From education to accessible public spaces, fire departments and mass transit networks, many of the essential public services we rely on daily are provided by our local governments. A reliable and affordable Internet connection has become another essential public “good” as individuals and cities fight to keep pace with a harsh, fast-moving economy. The Internet is the 21st century equivalent of the transcontinental railroad, interstate highway system, Panama canal and public school and library systems all rolled into one. So why have we settled for a few private companies controlling how and where we get access and how much we pay? Local governments should build publicly-owned local broadband networks and issue bonds to borrow the money they need. This is the solution we've been looking for to provide affordable and equitable Internet access.
Why build your own network?
The Internet is the essential conduit for commerce, information and ideas, as well as a driver of economic growth and a shaper of culture. But in a system where corporate earnings guide decisions about where to run cables and build towers, not all Americans have equal access to the Internet. Ten percent of Americans—roughly 32 million people—have no broadband access (25 Mbps/3 Mbps service). But for rural populations, it’s about 39 percent.
For much of the 20th century, policies and regulations ensured broad access to the essential public services of the time. Interstate highways were intended to be toll-free, railroads were barred from using monopoly power to take advantage of the farmers who relied on them to transport their crops, and public schools and libraries were open to all who lived in the community whose tax dollars supported them.
The Internet, too, was originally funded by federal tax revenues through the Department of Defense, but today access is controlled by companies incentivized by profits to build broadband infrastructure in fast-growing and affluent markets, while avoiding customers in other parts of the country. Yet the government has shown no interest in putting pressure on these companies, or otherwise incentivizing them, to expand access.
The FCC has allocated $540 million this year to expand internet access, but the estimated cost of bringing broadband to all of the nation’s schools, libraries and health providers — not even every household (as the Clinton campaign promised by 2020 via public-private partnerships) — approaches $20 billion.
With the private sector and federal government unable or unwilling to provide the investment needed to provide broadband access to all, cities and towns must consider building their own broadband networks, just as they build other critical infrastructure like schools and libraries.
As Alex Shephard points out in the New Republic, Chattanooga built its own network and then experienced an economic boom. “Unemployment dropped, wages grew, and manufacturers—notably Volkswagen—moved to the city. “We know that the wage rise is linked to internet jobs and particularly the technology sector,” the city’s mayor told The Tennessean in 2016.”
Why leverage the power of public finance?
Waiting for state or federal funding, or entering into complicated private partnerships are not the only way forward here.
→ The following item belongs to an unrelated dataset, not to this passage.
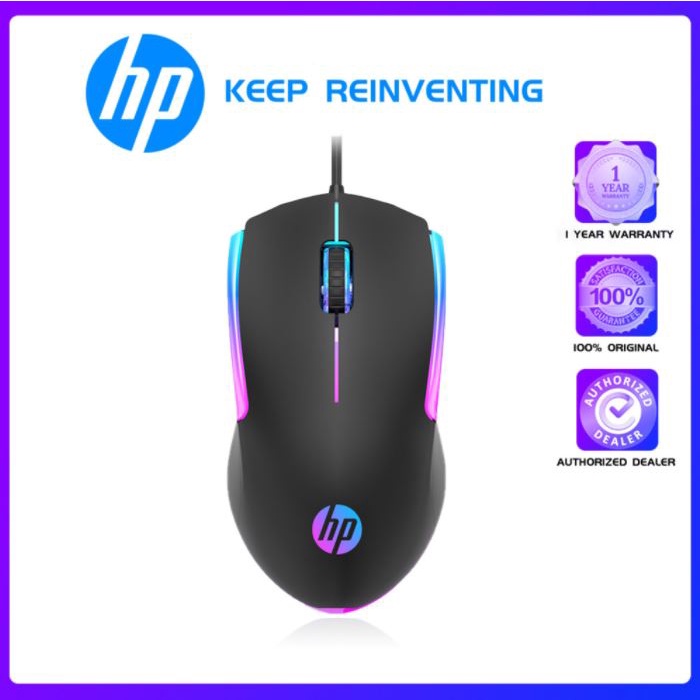 Chuột HP M160 Gaming RGB (Đen)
Municipal bonds have successfully raised capital for infrastructure projects for more than 200 years. Landmarks from the Golden Gate Bridge in San Francisco to New York’s Public Library were financed with municipal bonds, and at least 8 municipalities and the U.S. Virgin Islands have issued bonds for financing broadband since 2000.
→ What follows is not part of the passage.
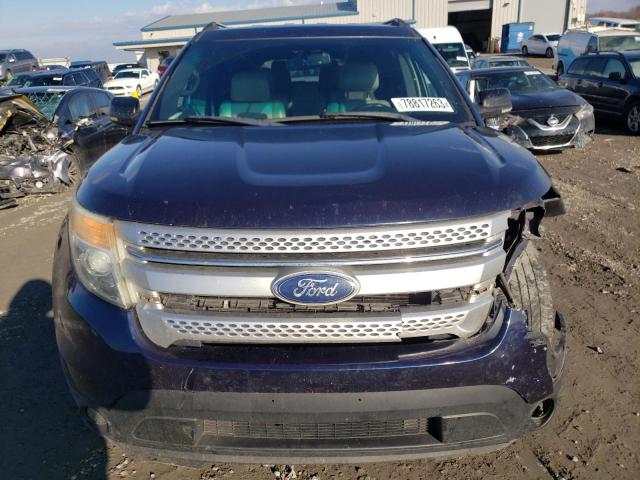 1FMHK7D86BGA35721 - 2011 FORD EXPLORER XLT BLUE photo 5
The municipal bond market is highly developed and gives communities the chance to tap into a much larger pool of investment capital than would otherwise be available, with their community members as the first investors.
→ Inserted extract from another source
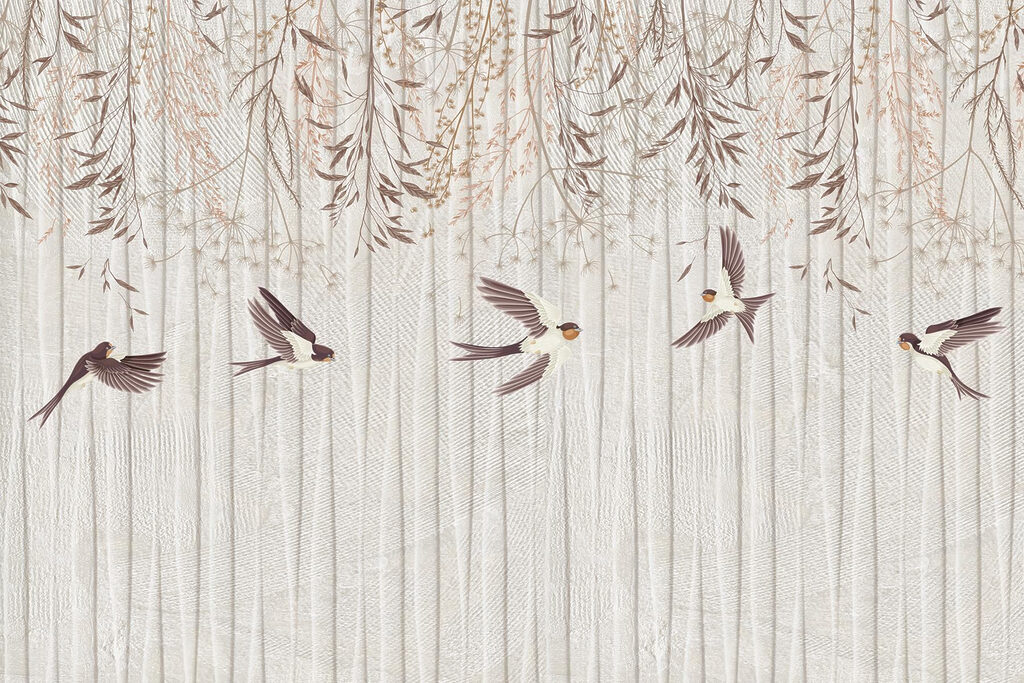 Fond d'écran avec des oiseaux qui volent Fond d'écran avec des oiseaux qui volent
And revenue bonds, unlike general obligation bonds, pledge network revenues to repay debt without necessarily placing additional burden on taxpayers.
The result is that local governments can raise the money they need when they need it from local investors, to build essential services that directly benefit the community. And when it comes to broadband networks, public ownership ensures that the best interests of the community are the only incentive.
I've advocated previously for the power of affordable Internet access to boost economic growth and equality, and now I’m excited to be here with the team at Neighborly — the public finance technology company modernizing the municipal bond market — where, among other exciting projects, we want to help cities fund and build their own broadband networks to protect themselves from the threat to the open Internet, boost local economies and open up opportunities for all residents.